La remarque souvent citée de Roscher : « Les mauvaises définitions de la monnaie peuvent être divisées en deux groupes principaux. Celles qui pensent que la monnaie vaut plus que le bien le plus vendable et celles qui pensent qu'elle vaut moins » 3 ne s'applique pas seulement à la question de la définition de la monnaie. Même chez ceux qui considèrent que la théorie de la monnaie fait partie de la catallaxie, certains vont trop loin en soulignant sa place particulière. Cette branche de notre science offre plein de difficultés et il n'est pas nécessaire de construire des problèmes artificiels : les vrais problèmes proposent un défi suffisant.

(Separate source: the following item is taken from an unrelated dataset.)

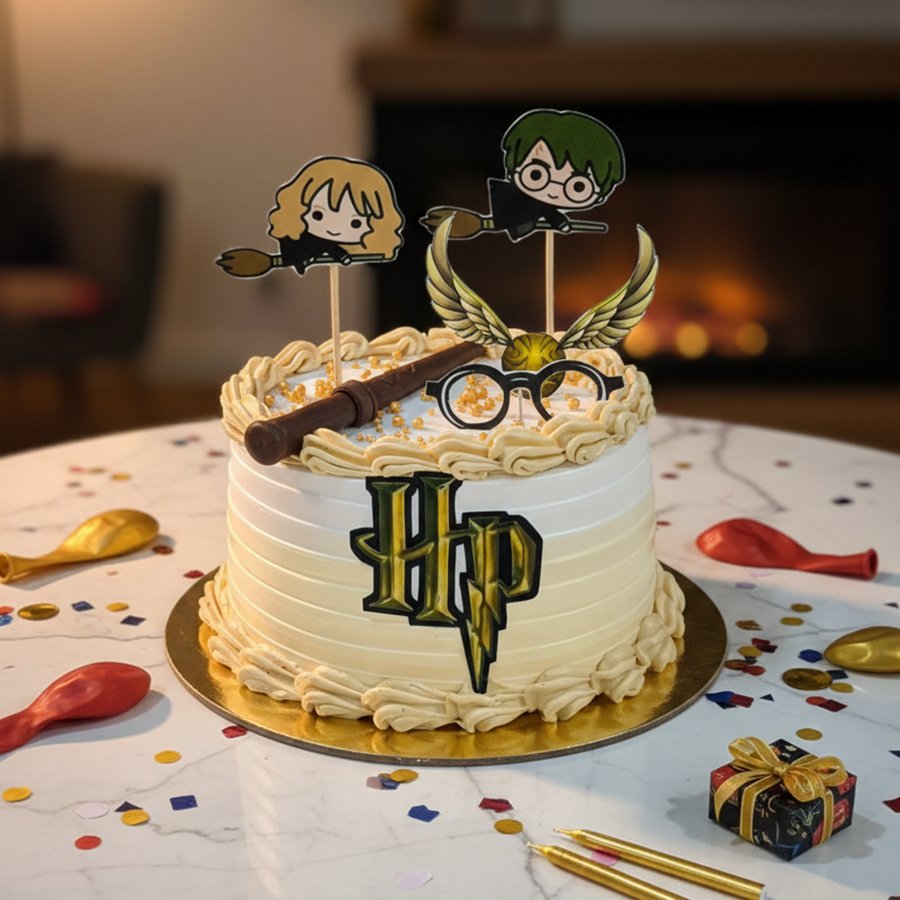 Magical Harry Potter Cake with Golden Snitch & Toppers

I. Les services monétaire et la valeur de la monnaie

Il est clair que la conception naïve du profane qui pense que les choses ont de la valeur en elles-mêmes, c'est-à-dire qu'elles ont une valeur intrinsèque, conduit nécessairement à tracer la frontière entre la monnaie et les substituts de monnaie autrement qu'on ne le ferait en considérant que la valeur d'une chose découle de son utilité. Ceux qui conçoivent la valeur comme la résultante des propriétés inhérentes aux choses doivent nécessairement établir une distinction entre la monnaie ayant une valeur physique et des moyens d'échange offrant des services monétaires mais n'ayant pas de valeur matérielle. Cette approche conduit inévitablement à opposer la monnaie normale à la monnaie anormale, la mauvaise monnaie, qui, en réalité, ne serait pas de la monnaie du tout.

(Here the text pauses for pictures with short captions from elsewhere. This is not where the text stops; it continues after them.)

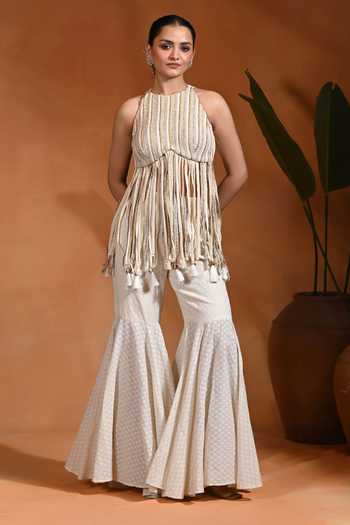 Chamcham Tassel Peplum Kurta Sharara Set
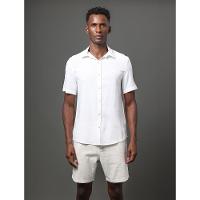 Camisa Masculina Listras Detalhes Calvin Klein Jeans - Branco - 1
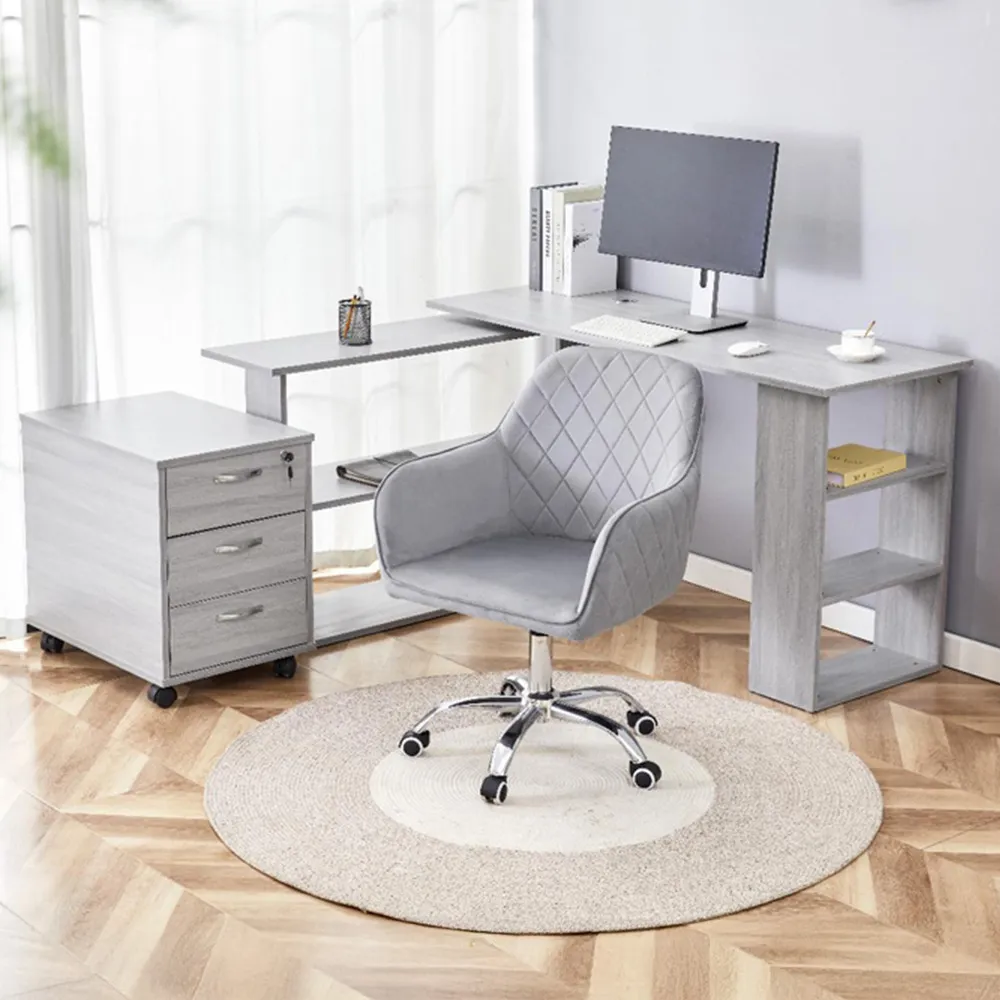 L-Shaped Office Set with Chair and Drawer - Grey, Wood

Aujourd'hui, il n'est pas nécessaire de parler de cette théorie. Pour la théorie subjectiviste moderne de la valeur, la question a été tranchée depuis longtemps. Personne ne défendrait plus ouvertement un concept selon lequel la totalité ou une partie de la théorie de la valeur et des prix serait basée sur une valeur d'échange intrinsèque, c'est-à-dire indépendante des jugements de valeur des agents. Une fois cela admis, on a déjà adopté le principe fondamental de la théorie subjectiviste de la valeur, c'est-à-dire de la théorie de l'utilité marginale.

Pour les économistes pré-scientifiques — les prédécesseurs des Physiocrates et des économistes classiques — c'était un important problème que d'intégrer la théorie de la valeur de la monnaie et celle de la valeur des autres biens. Victime d'un préjugé grossièrement matérialiste, ils voyaient la source de la valeur dans l'utilité « objective » des biens. De ce point de vue, il est évident que le pain, qui peut encore nourrir, et les vêtements, qui peuvent protéger du froid, auront de la valeur. Mais d'où la monnaie tire-t-elle sa valeur, elle qui ne peut nourrir ou tenir au chaud personne ? Certains répondaient que sa valeur provenait d'une « convention » et d'autres affirmaient que la valeur de la monnaie était « imaginaire ».

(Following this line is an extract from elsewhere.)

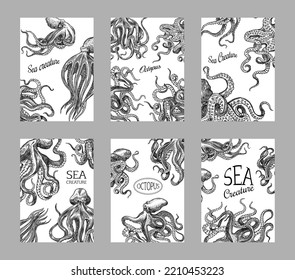 Sea octopus set. Sea creature Background. Engraved hand drawn in old sketch, vintage creature. Nautical or marine, monster. Template for logos, labels and emblems. Banner poster template.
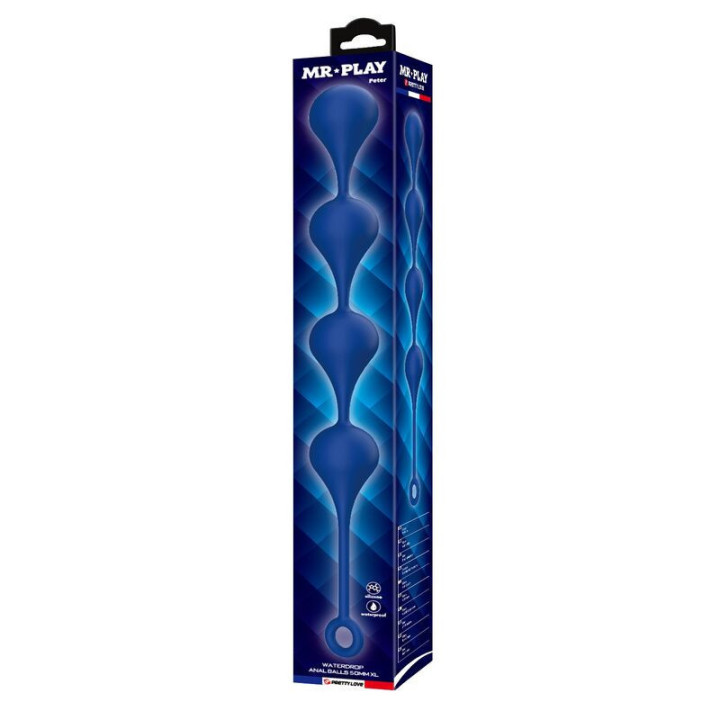 MR PLAY - BOLINHAS ANAL DE SILICONE AZUIS TAMANHO XL 52.5 CM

L'erreur ce cette analyse fut rapidement découverte. John Law l'a expliquée très succinctement. Si toute la valeur découle de l'utilité, il doit alors être vraie que le choix des métaux précieux comme moyens d'échange doit leur donner de la valeur. Si l'on souhaite qualifier d'imaginaire la valeur du métal utilisé comme monnaie, dans la mesure où elle découle de ses services monétaires, il faut considérer toute valeur comme imaginaire :

Car aucune chose n'a de valeur que par l'usage auquel on l'applique, et à raison des demandes qu'on en fait, proportionnellement à sa quantité. 4

Avec ces mots Law anticipait la théorie subjectiviste de la valeur : il ne faut pas lui nier la place qu'il mérite dans l'histoire de notre science. L'importance de ses réalisations n'est pas diminué par son incapacité à développer toutes les implications de son idée fondamentale, ni par le fait qu'il s'égara dans l'impénétrable forêt de l'erreur et peut-être même de la faute.

Les chercheurs qui vinrent après lui furent également incapables de faire plein usage du contenu de l'idée fondamentale et clairement développée par Law. Nous rencontrons encore des malentendus concernant trois aspects.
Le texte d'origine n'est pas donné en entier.